The link between Vyavaharika and Paramartika
Chandran, Nanda (NBC)
Nanda.Chandran at NBC.COM
Wed Apr 29 13:40:24 CDT 1998
We've been discussing on the nature of the Self for more than two weeks
now and I've been coming up with incoherent arguments without a clear
understanding of what I'm not clear about!
Fifteen minutes outside on a beautiful day like today with a printout of
Rama's post, helped to clear my thoughtsand my doubts - to some extent.
Let me try to state clearly my understanding and my doubts :
Brahman is Eternal. Brahman is the Absolute. Hence Brahman is incapable
of change and action.
The standard theory is that 'I' get influenced by the mind and the
senses, which doesn't allow me to realize my true nature. So this 'I'
cannot be the Brahman, which is Eternal and Absolute and incapable of
being influenced.
The further theory is that this 'I' is a composite entity. It's made up
of the mind, the senses, the Ego and the Consciousness. OK, Meditation,
self-observation and logic does prove that the mind and the senses are
apart from the "I". That leaves the Ego and the Conciousness.
Ego is generally defined as the "I" in the doer.
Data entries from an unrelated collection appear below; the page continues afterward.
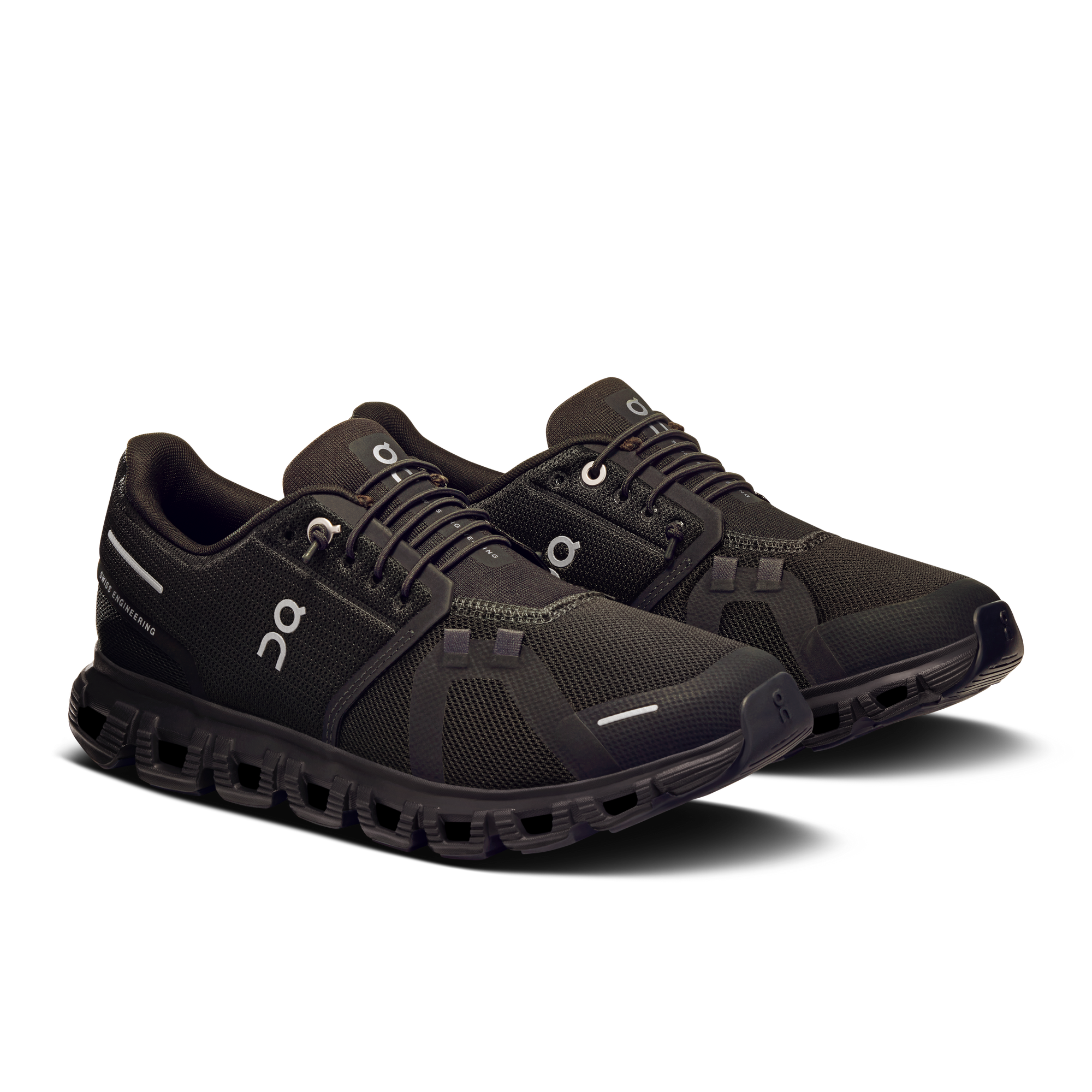 On Running Cloud 6 Feminino All Black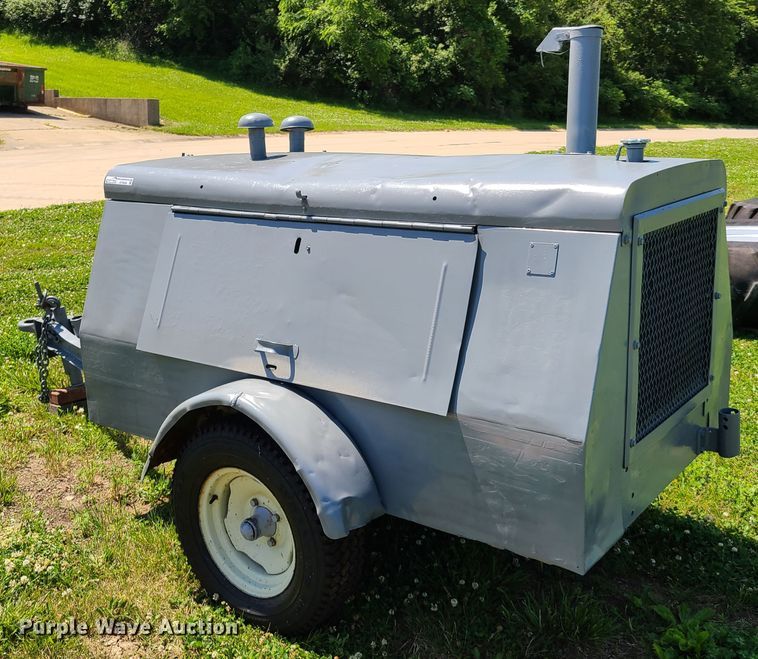 image for item GT9058 Gardner Denver air compressor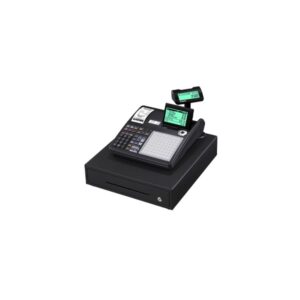 Casio SEC-3500 Cash Register with Calculator Black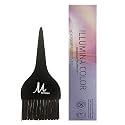 Illumina Color 9/37-9/GW Very Light Blonde Gold Brown Permanent Illumina Hair Color 2 Ounce and M Hair Designs Tint Brush (Bundle) Beauty & Personal Care M Hair Designs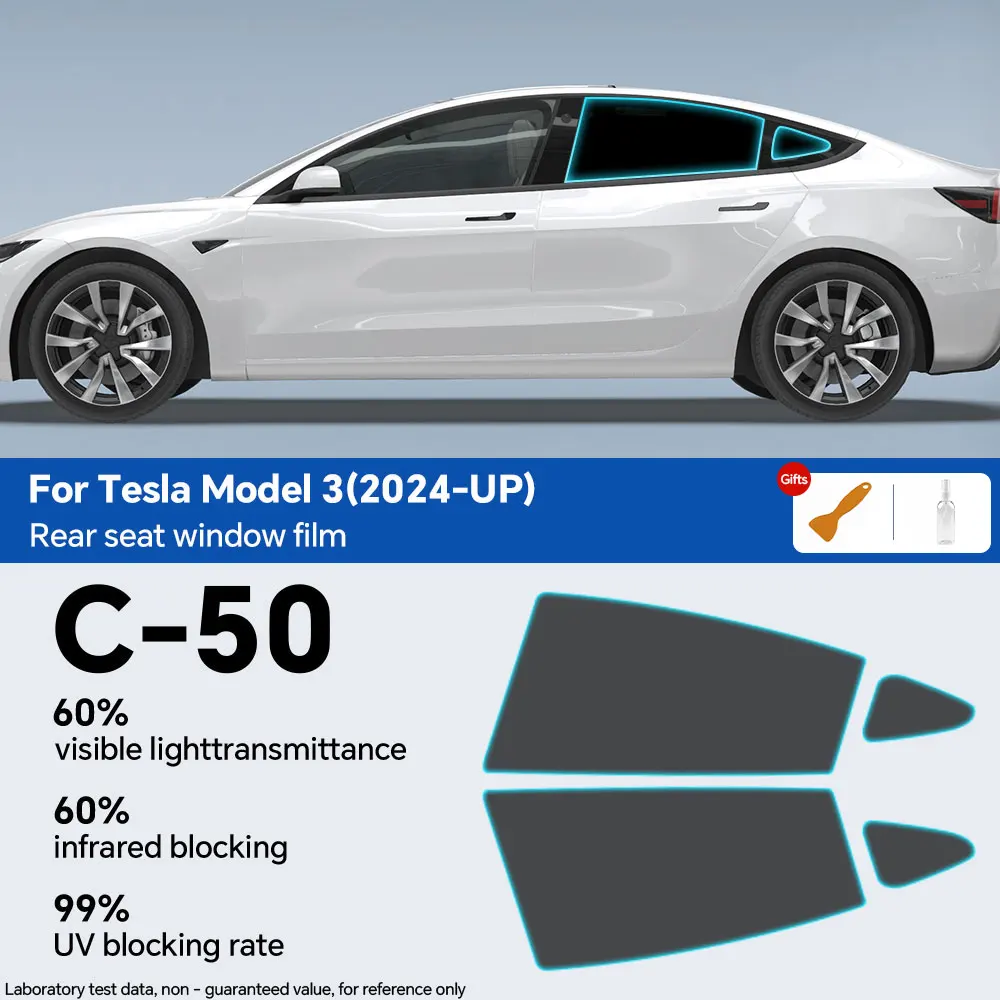 Wstępnie przycięta folia przyciemniająca szyby samochodowe do modelu Tesla 3 2024 Highland Auto Sticker Foils… Wstępnie przycięta folia przyciemniająca szyby samochodowe do modelu Tesla 3 2024 Highland Auto Sticker Foils…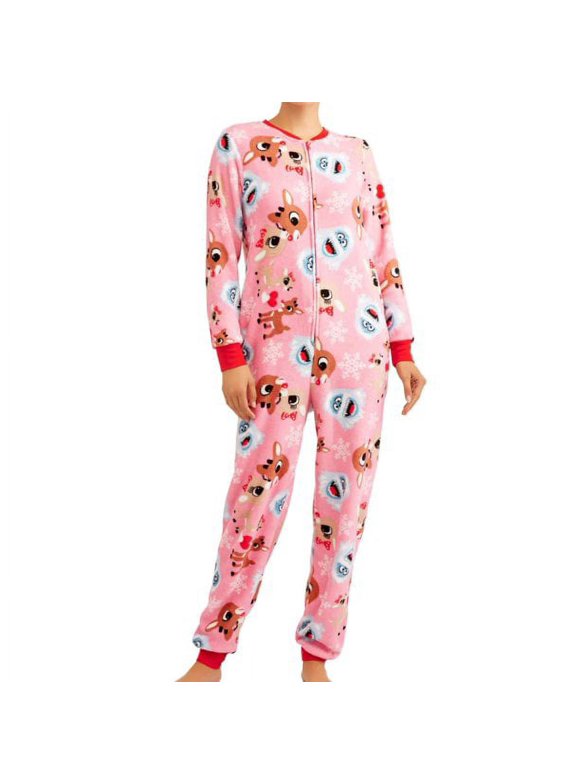 Union Suit Drop Seat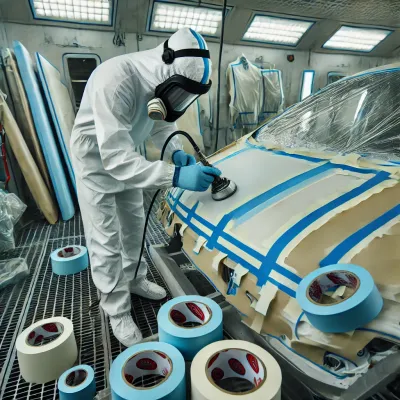 Maskierungen / Abkleben / Abdecken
It has been my
practical experience that "I" am able to be in a state without the sense
of the doer. So is this the Consciousness? But why can't "I" who can
have a sense of doership change into a state without a sense of
doership? Inshort why can't the entity we define as the Ego itself
transform into a sense of non-doership? So how far is it justified in
trying to have two seperate entities - the Ego and the Conciousness.
And if the Conciousness is infact the Ego without a sense of doership,
it still cannot be Eternal and Absolute, as it's being influenced by the
mind, the senses and there by it's transformation as the Ego.
The Conciouness that we have is said to be the reflection of the Self.
But the Self is defined as being incapable of action - so how can it
cause a reflection?
As I stated in my mail earlier today, if indeed all that we experience
in the Vyavaharika level is Maya - then Maya is all encompassing. So
even the Conciousness is only in the realm of Maya. I'm unable to
understand how anything Eternal and Absolute can exist in me in the
realm of Maya? If it indeed does exist I cannot understand a connection
between it and "I".
It's stated that in the Paramartika level it's Non-Dual. There is only
an experience of being "One".
So how can the link be made to the Vyavaharika, where the everything is
an illusion and the Paramartika, where there's only Non-Duality?
The crux of my whole argument lies in the question as to how "I", who am
Eternal and Absolute, can exist in the realm of Maya?